Despite the difficulty inherent in building models that accommodate uncertainty, we have little alternative unless we wish to only build models of things we think we can predict with 100% accuracy. And fortunately, our models do not always have to be perfectly correct in order to generate useful predictions or explanations. As the statistician George Box famously said, “all models are wrong, but some are useful.”

An important part of learning to do good statistical analysis is learning to think clearly about models so that you can pick out a model that is useful for whatever it is you want to accomplish. And the first step toward understanding many statistical models is learning to think about the world in probabilistic terms, as we’ve done here in this chapter. Probabilistic thinking asks questions like:

Based on what I do know and what I don’t know, what can I predict?

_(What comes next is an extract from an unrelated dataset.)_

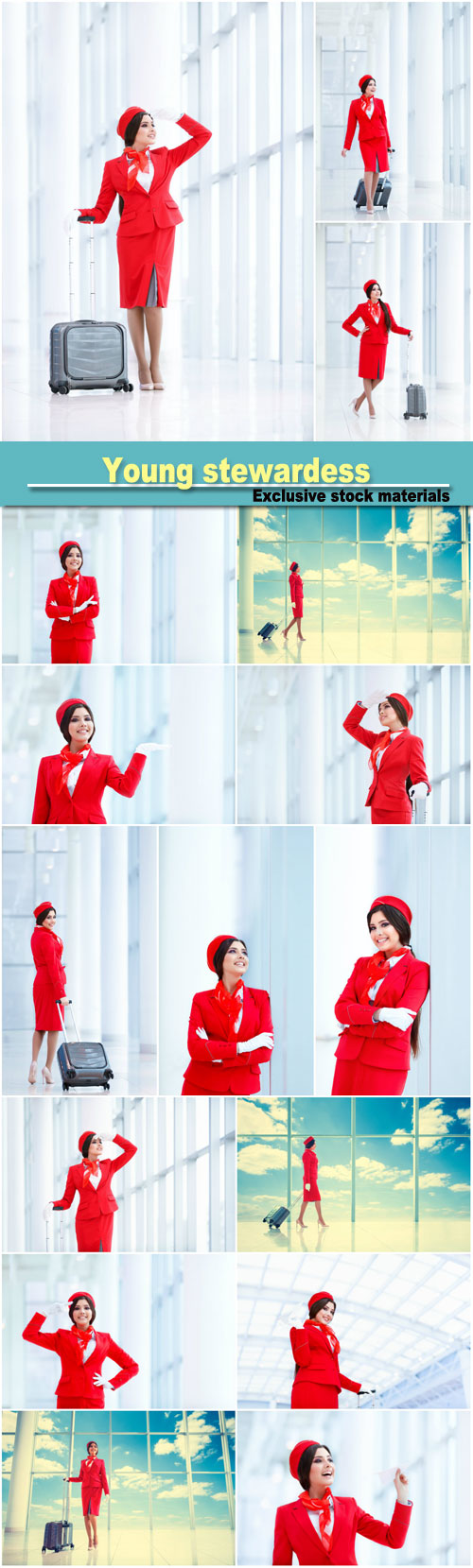 Young stewardess with a suitcase at airport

How does adding or removing different pieces of information change my prediction?
How much uncertainty is there in my prediction?
How often will my prediction differ greatly from what actually happens (even if my model is correct)?

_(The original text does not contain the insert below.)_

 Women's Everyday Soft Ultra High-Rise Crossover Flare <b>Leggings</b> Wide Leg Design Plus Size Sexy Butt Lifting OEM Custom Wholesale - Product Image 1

Note that these deviations from our prediction don’t imply that our model is wrong; our model explicitly acknowledges that we’ll get only imperfect estimates if we predict happiness based on income, since the unobserved error term ($\varepsilon$) also contributes to happiness.↩︎
By “directly cause” greater happiness in adulthood, I mean that a stable childhood environment causes greater adult happiness by means other than increasing income (which in turn may increase happiness).↩︎